Dataset entries
-*-
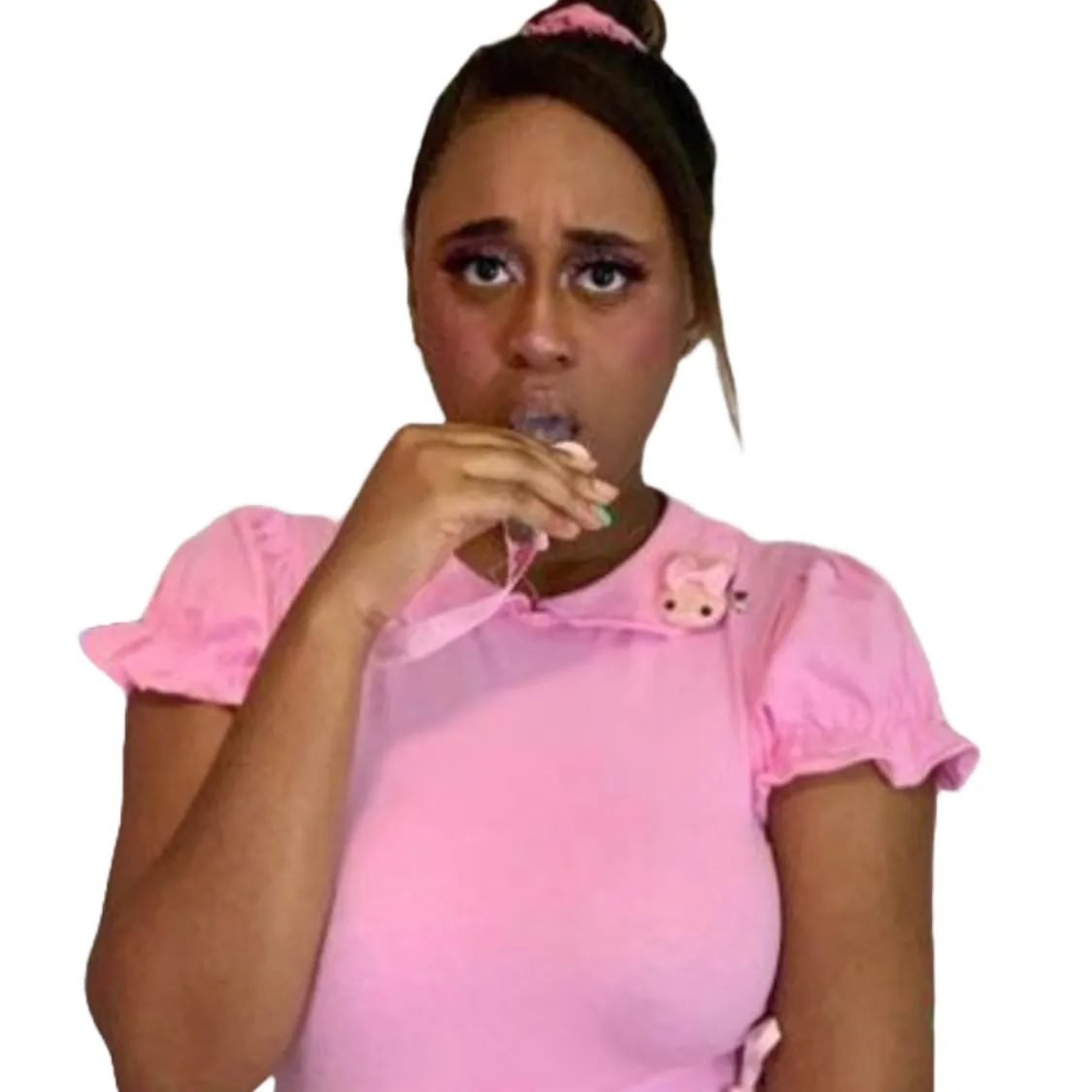Pink Cotton Collared Bodysuit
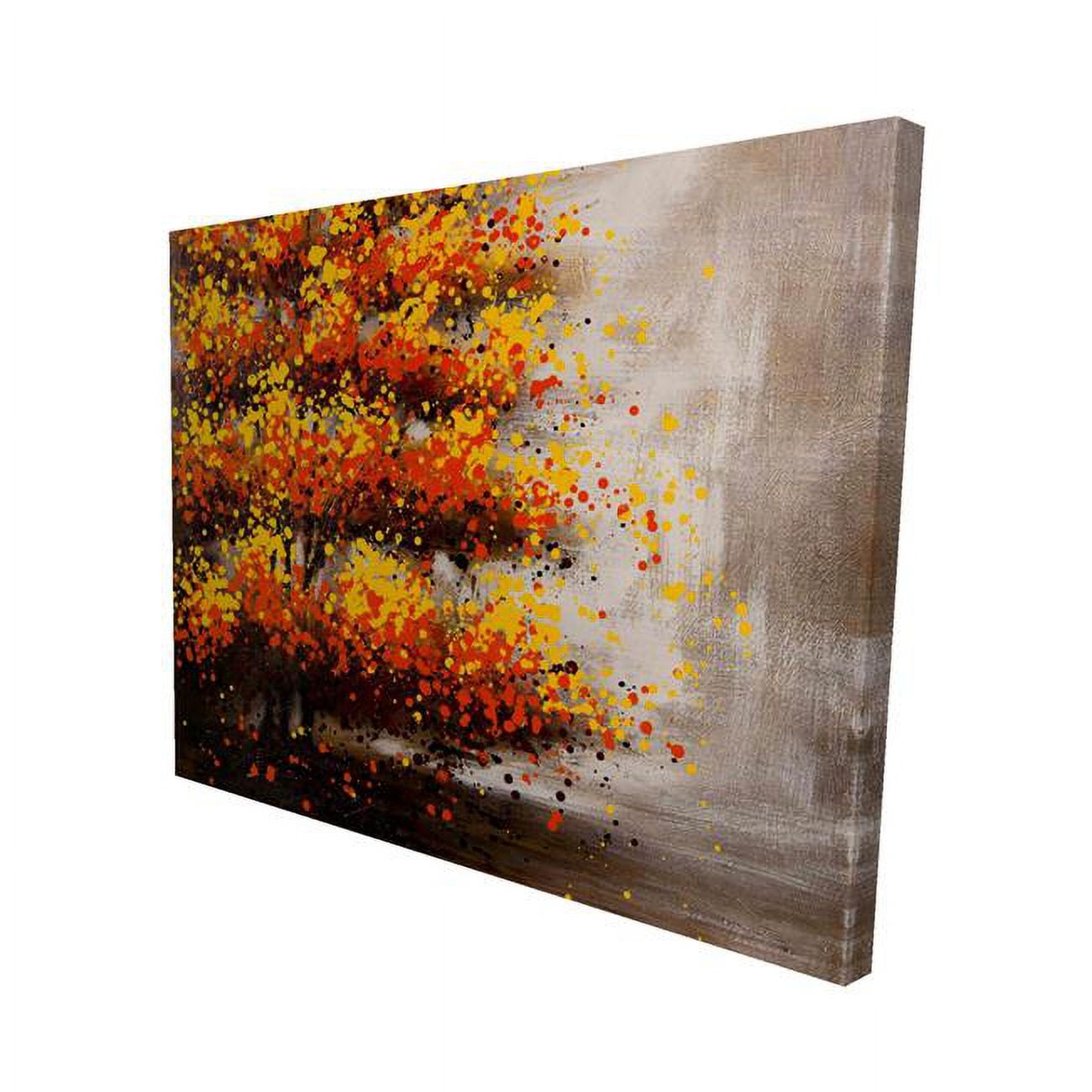 16 x 20 in. Dotted Tree-Print on Canvas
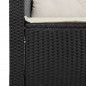 vidaXL 5tlg. Garten-Sofagarnitur mit Kissen Schwarz Poly Rattan Akazie vidaXL 5tlg. Garten-Sofagarnitur mit Kissen Schwarz Poly Rattan Akazie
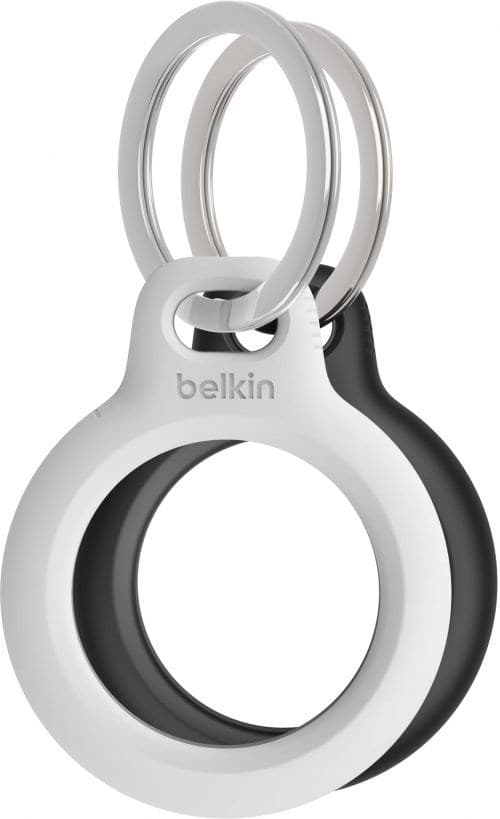 BELKIN AIRTAG FODRAL MED HJUL 2 STK SVART/VIT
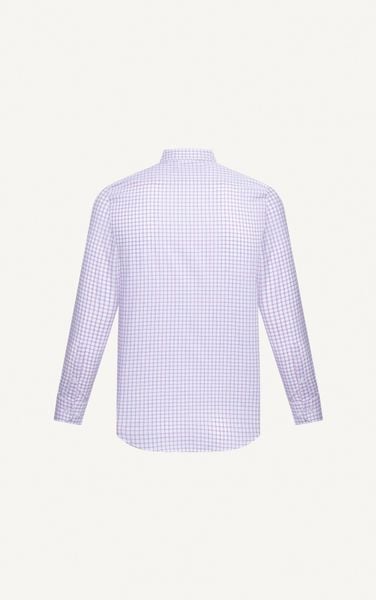  AG865 PREMIUM SLIMFIT MICRO CHECKED SHIRT - PINK 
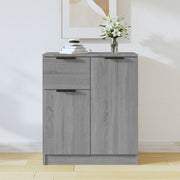 Dressoir 60x30x70 cm bewerkt hout grijs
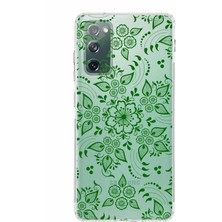 PrintiFy Samsung Galaxy S20 Fe Kamera Korumalı Kapak Nostalji Desen Tasarımlı Şeffaf Kılıf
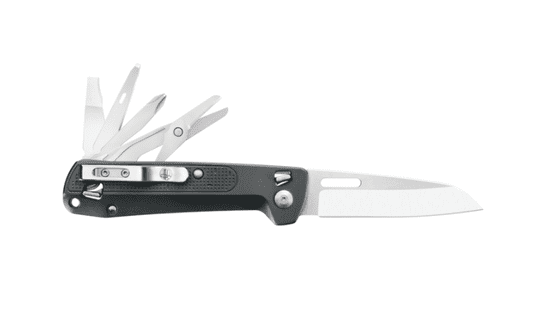 LEATHERMAN LTG832666 FREE K4 multifunkční nůž 8,4cm, 9 funkcí, černá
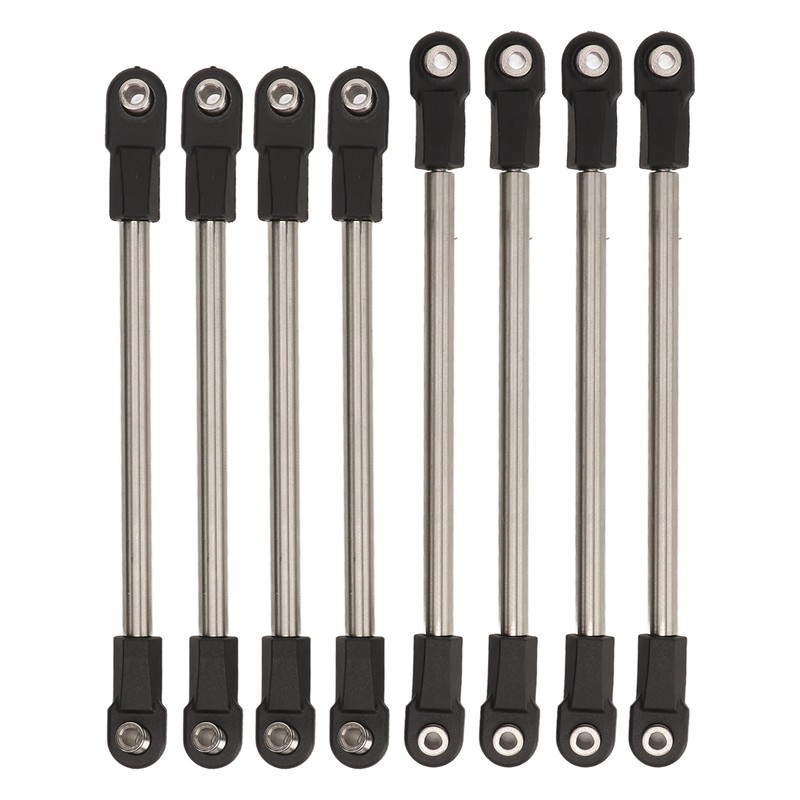 8Pcs Stainless Steel Link Rod 275mm Wheelbase Stainless Steel Link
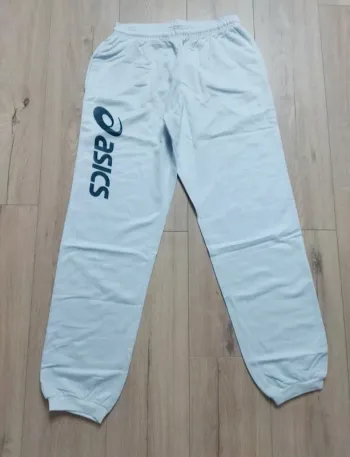 Pantalon jogging homme sport Asics blanc neuf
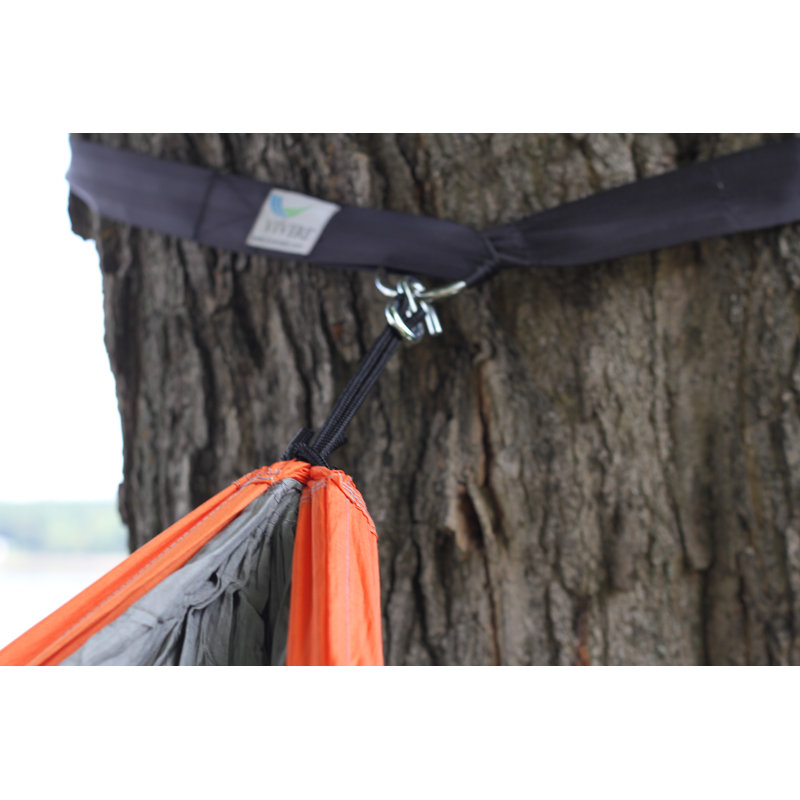 Lucia Double Camping Hammock, Double, Grey / Orange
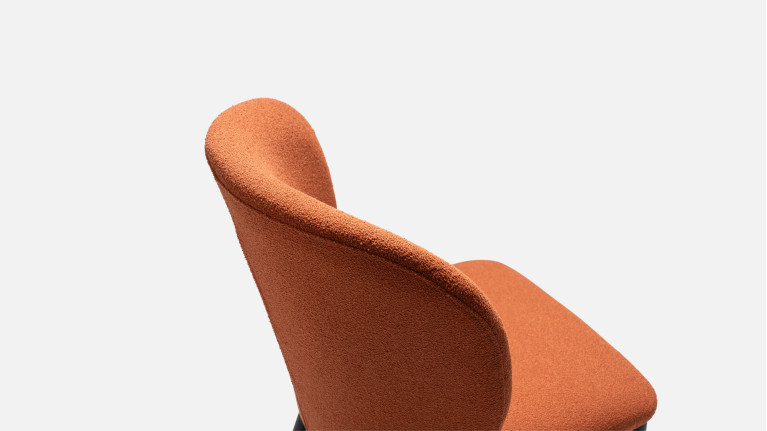 Chaise dossier haut, pour salle à manger, confortable, Shell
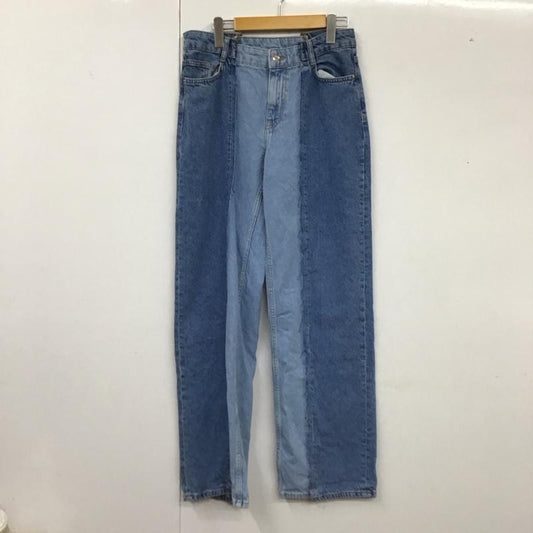 ザラ ZARA パンツ デニム、ジーンズ 5862 072 427 リメイク風 無地 青 / ブルー /  レディース USED 古着 中古 10122044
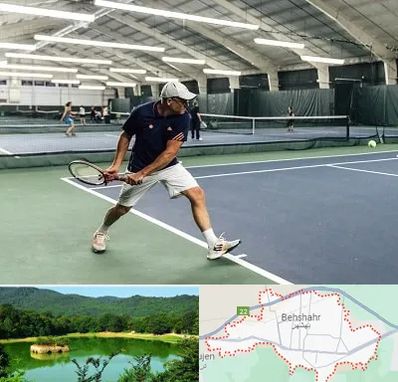 باشگاه تنیس در بهشهر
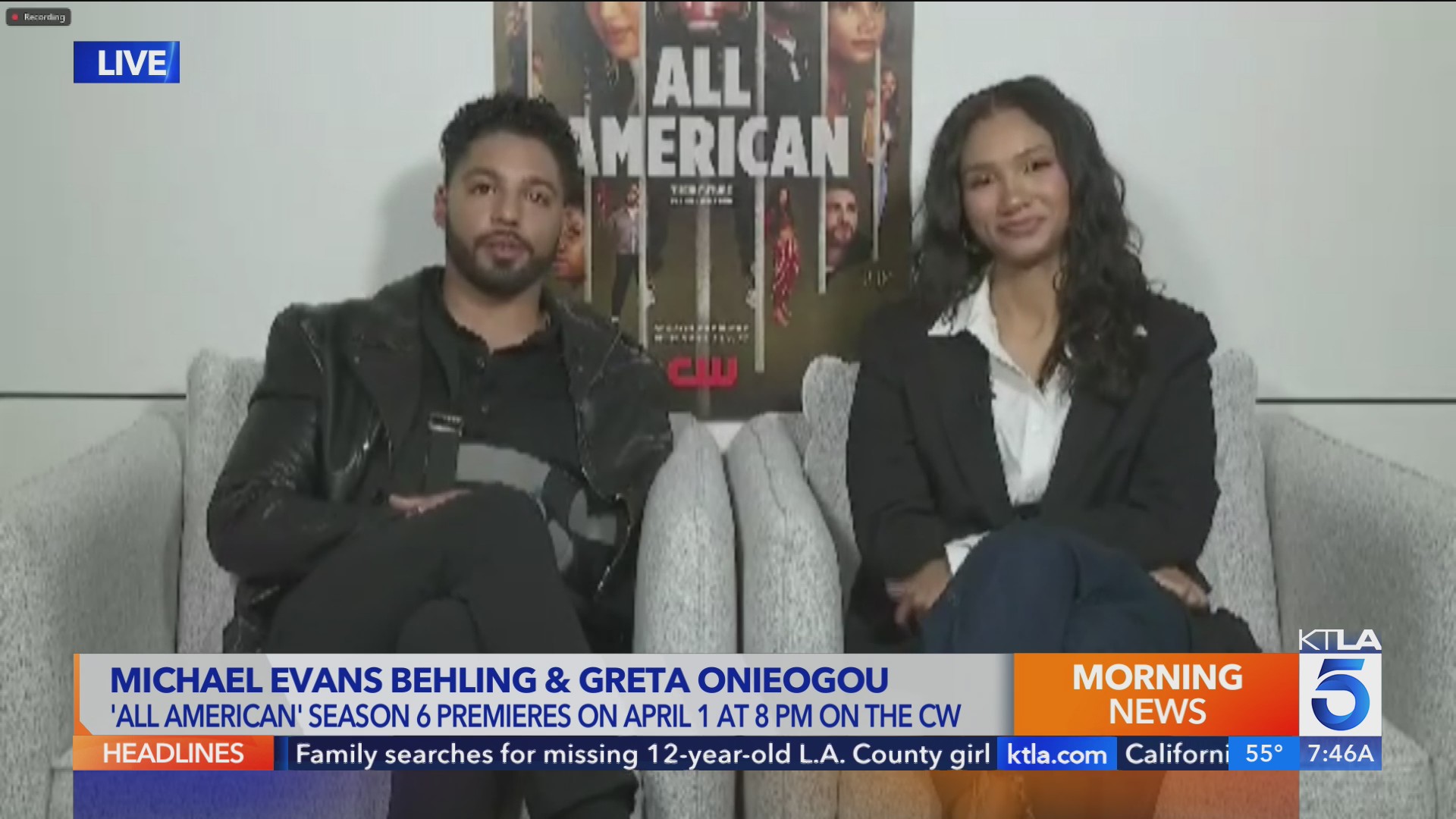 Greta Onieogou and Michael Evans Behling head into Season 6 of ‘All ...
-*-
## Directions
Working down from the line with "Chaise dossier haut, pour", copy each line exactly until the last line of the entries, which is also included. Omit the pictures.

## Response for this exercise
 Chaise dossier haut, pour salle à manger, confortable, Shell
 ザラ ZARA パンツ デニム、ジーンズ 5862 072 427 リメイク風 無地 青 / ブルー /  レディース USED 古着 中古 10122044
 باشگاه تنیس در بهشهر
 Greta Onieogou and Michael Evans Behling head into Season 6 of ‘All ...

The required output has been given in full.